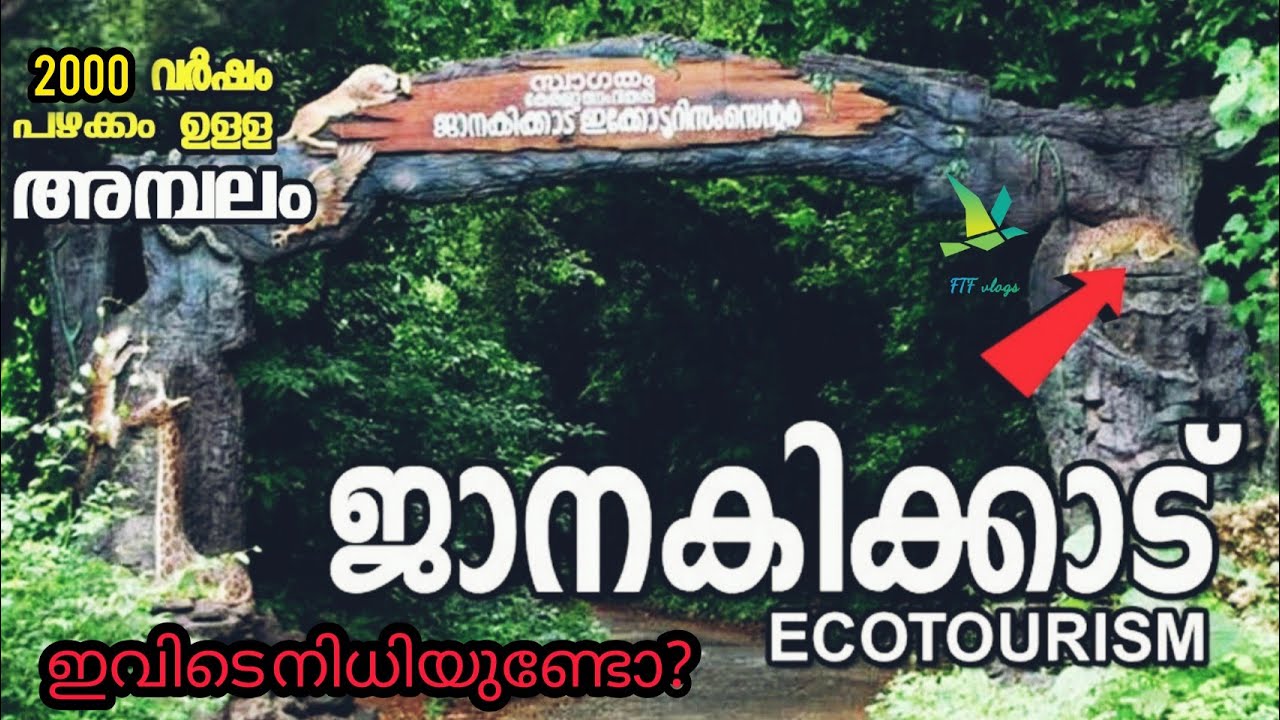 ജാനകിക്കാടിനെക്കുറിച്ച് അറിയേണ്ടതെല്ലാം #Janakikkadu# ജാനകിക്കാട്#Travel vlog#kerala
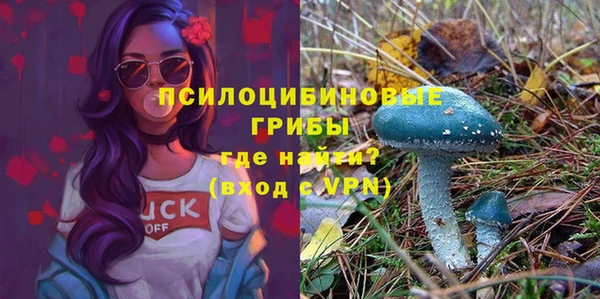 MESCALINE Баксан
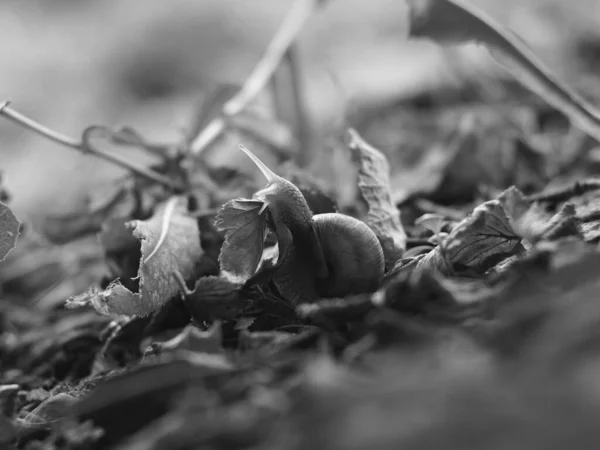 Closeup Shot Snail Perched Leaf Black White — Stock Photo, Image
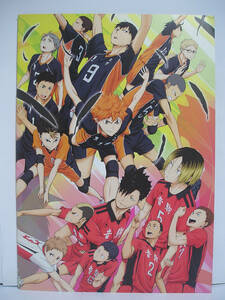 [ pamphlet ] Haikyu!!!! *.... beginning ~ [h15581]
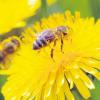Spät dran: Die Honigbiene schien ihre Frühlingsaktivität heuer verschlafen zu haben. Wissenschaftler erklären das mit dem Klimawandel. Obwohl der europäische Frühling immer früher beginnt, fliegen die Bienen nicht früher aus. 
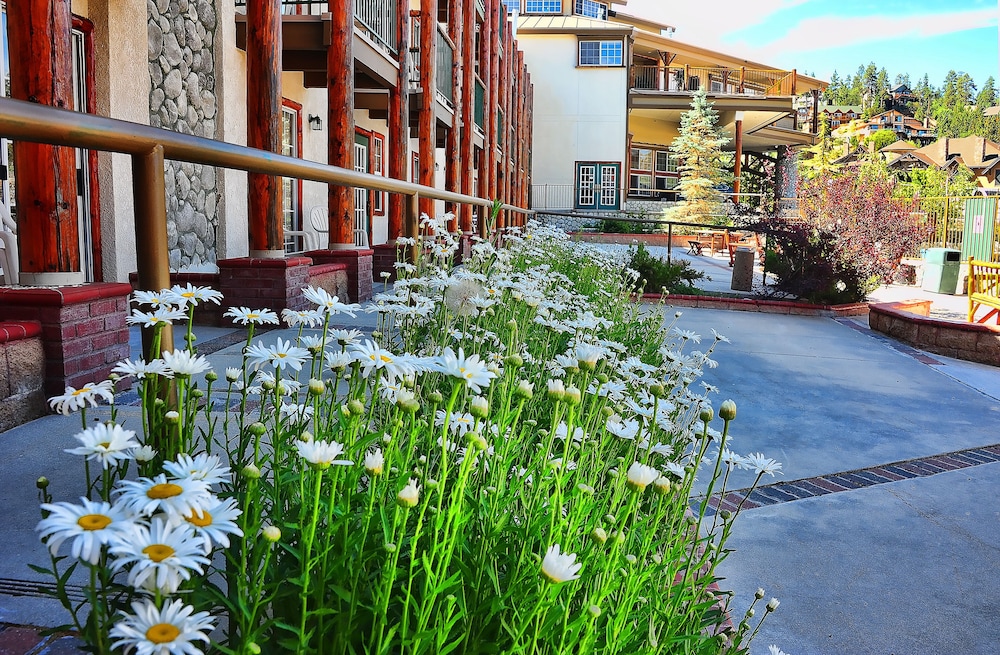 Holiday Inn Resort The Lodge At Big Bear Lake by IHG - photo 73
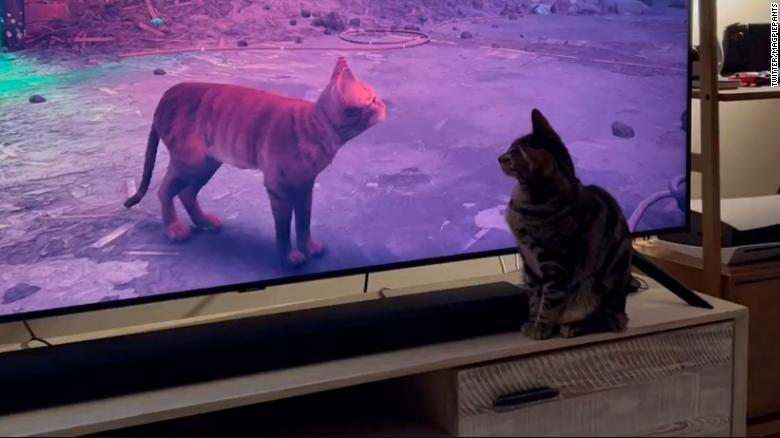 People are posting their cats' reactions to this new video game 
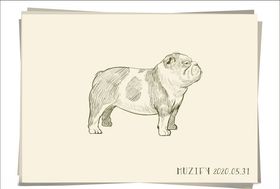 法国斗牛犬素描画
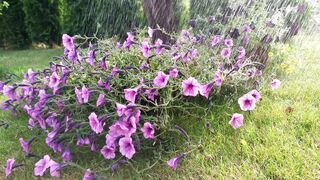 Flowers in rainy season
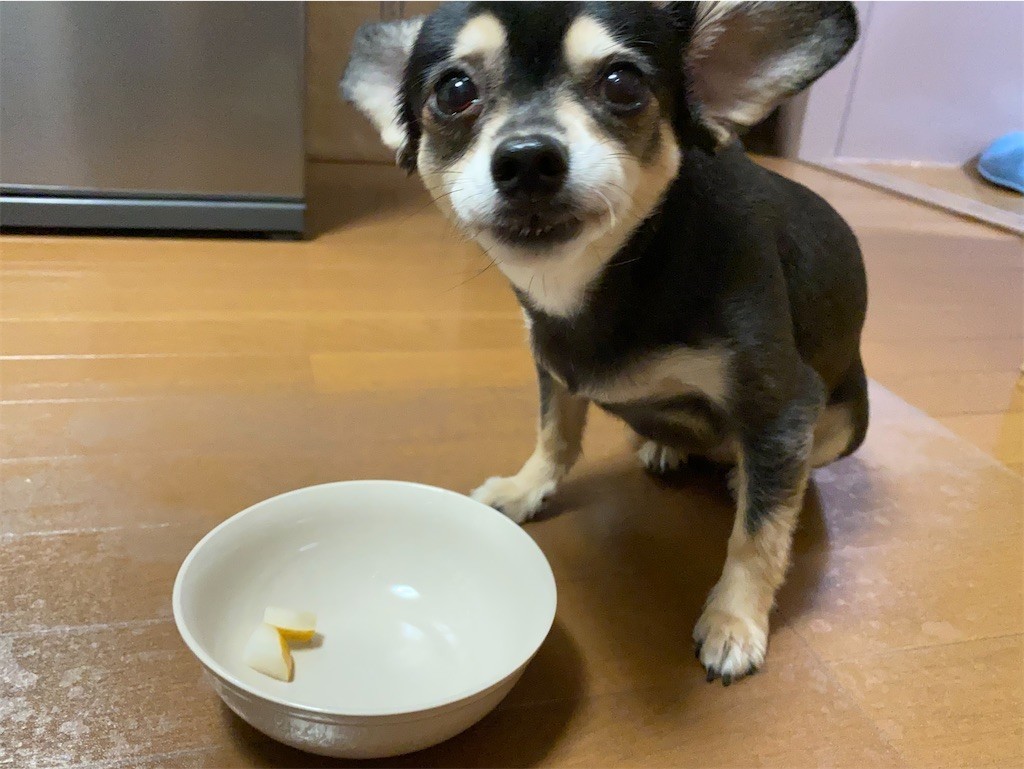 f:id:akie1000:20210918223547j:plain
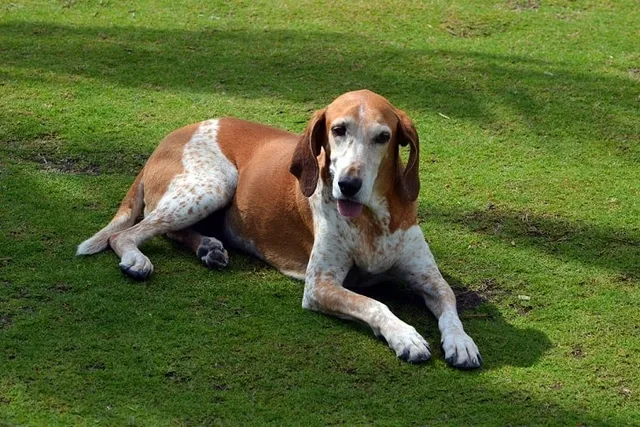 American English Coonhound Breed: Info, Pictures, Facts & Traits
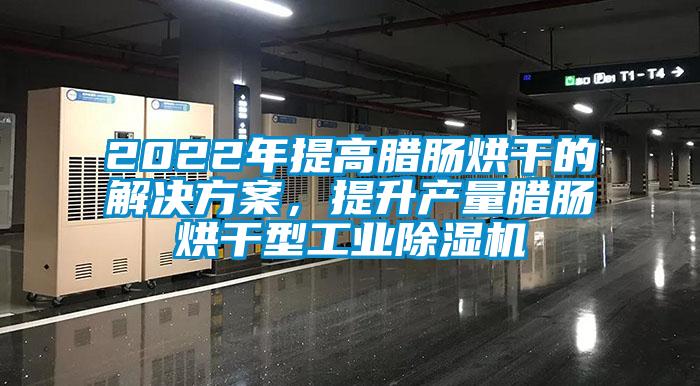 2022年提高臘腸烘干的解決方案<div   id=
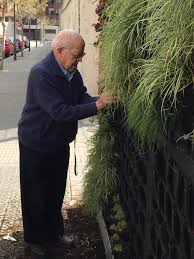 Un profesor montando el jardin vertical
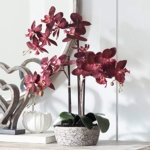 Product: Studio 55D Potted Silk Faux Artificial Flower Arrangement Realistic Red Orchid in Crackle Gray Vase for Home Decoration Living Room Office Bedroom Bathroom Kitchen Dining Room 24" High
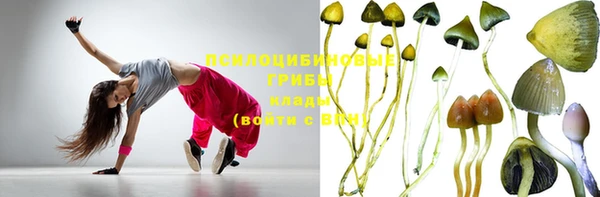 дживик Верея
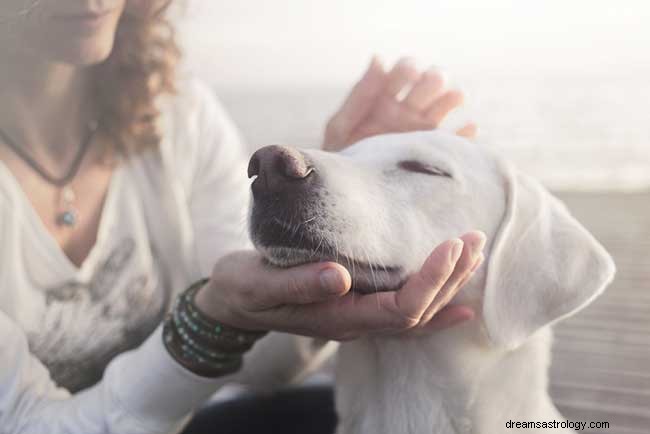 Cosa significa quando sogni un cane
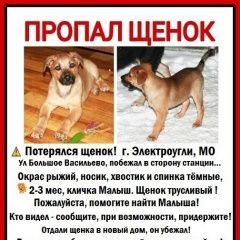 Подробнее об объявлении «Электроугли Пропала собака кобель щенок мес» Фото: пропала собака  «Электроугли Пропала собака кобель щенок мес» в г. Электроугли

▸ **What to do**
Copy the entries above exactly, but only the stretch from the line containing "Closeup Shot Snail" through the line containing "People are posting". Keep both end lines; drop the pictures.

▸ **Output of the task**
 Closeup Shot Snail Perched Leaf Black White — Stock Photo, Image
 [ pamphlet ] Haikyu!!!! *.... beginning ~ [h15581]
Spät dran: Die Honigbiene schien ihre Frühlingsaktivität heuer verschlafen zu haben. Wissenschaftler erklären das mit dem Klimawandel. Obwohl der europäische Frühling immer früher beginnt, fliegen die Bienen nicht früher aus. 
 Holiday Inn Resort The Lodge At Big Bear Lake by IHG - photo 73
 People are posting their cats' reactions to this new video game 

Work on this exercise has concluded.